A refusal of cause and effect
Innocence, Arcola, LondonGerman and British theatre have a history of unresolved differences, which is regularly resurrected when a German play is produced in this country. The well-known generalising assumption at the basis of these differences is that the British like their playwrights better than they like their directors, whereas the Germans take the opposite view. This traditional appropriation of artistic priorities (changing though it might just be starting to be in the United Kingdom, at least for new plays) still results in a certain critical diffidence, which might at least partly explain why Dea Loher’s work is so seldom produced here (and when it is produced, it tends to happen at the Edinburgh Festival), whereas not only she is considered one of the most important contemporary authors in her own country, but her plays are also often part of the annual calendar of many companies and venues throughout the continent - including in a theatrically conservative country like Italy.
And yet recently the wall between Anglophone audience and experimental European-style theatre might have started to crack: Romeo Castellucci’s Dantean trilogy came to the Barbican last spring (albeit to a conflicting reaction from both critics and audience), the Royal Court staged Tim Crouch’s revolutionary The Author only a few months ago, and as a hopeful beginning of the London offer for 2010, the Arcola is offering us the first UK production of Loher’s 2003 play Innocence, in a translation by David Tushingham, and with the direction of Helena Kaut-Howson.

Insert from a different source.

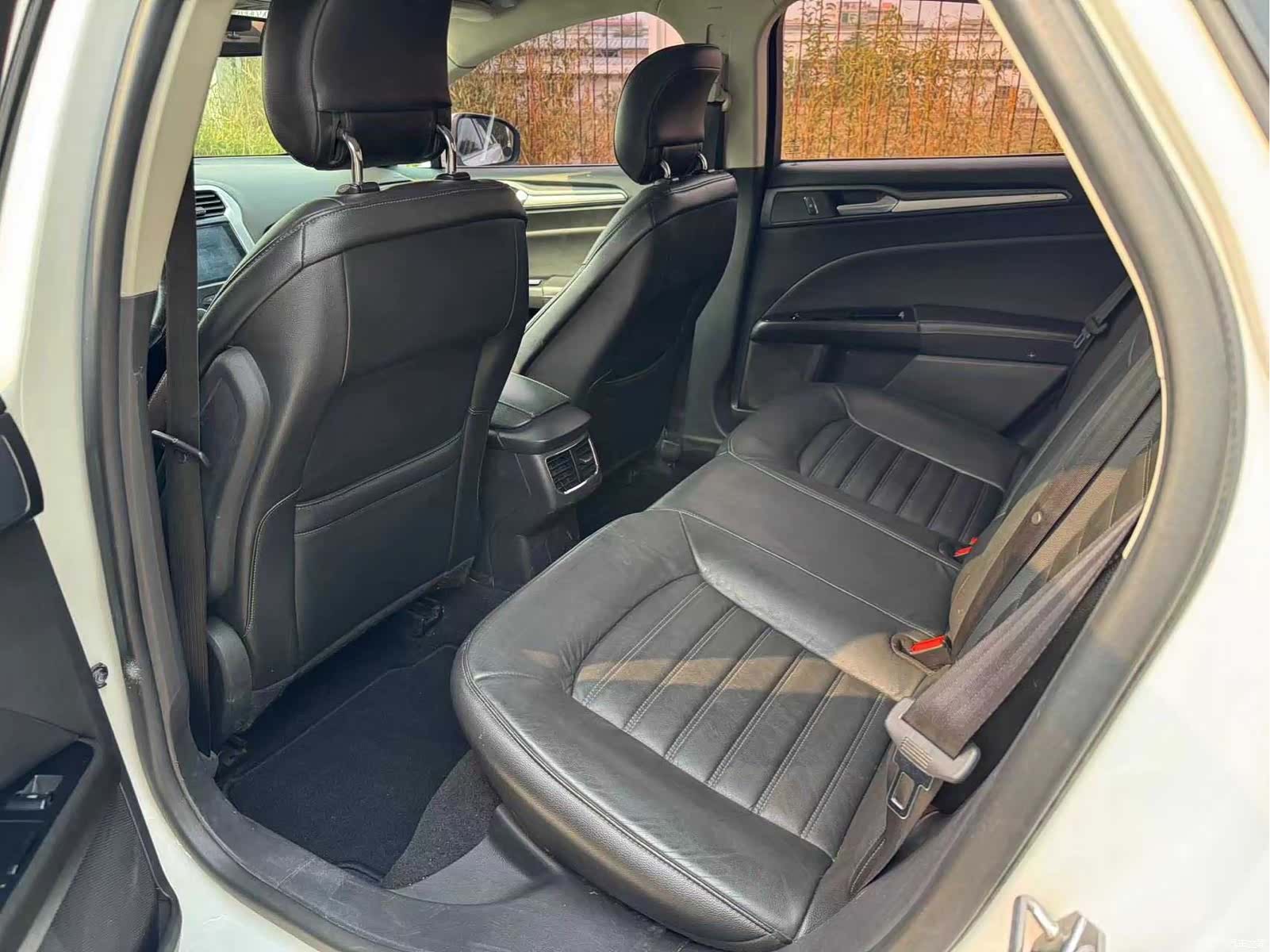Ford Mondeo, 2016 все фото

Innocence tells (at least) four different stories, which intertwine with various degrees of proximity. Firstly, there are two young illegal immigrants who watch a woman drowning and do not intervene for fear of being implicated and thrown out of the country; then, there is an old woman who goes around pretending to be the mother of murderers and serial killers, to apologise for her ‘sons’‘ behaviour; thirdly, there is a young frustrated couple, the husband a recently appointed caretaker, the wife suffocating in serene sadness, sharing a small flat with her caustically diabetic mother who dreams of owning a petrol station so she could create a fantastic explosion with ‘just one cigarette’; and finally there is a woman philosopher (in this production perhaps unwittingly, but still decidedly remindful of Germaine Greer), who has become disenchanted with her old ideals and who has just written a book called The World Is Unreliable. In the course of the (long) evening, some of these characters meet, and some don’t. One of the two young illegal workers finds a bag full of money and falls in love with a blind pole-dancer called Absolute, all in the space of a few minutes while waiting for the bus, and these few minutes represent a pivotal union of several destinies, but a lot is also left to chance - a constant reminder of the arbitrariness of narrative conventions.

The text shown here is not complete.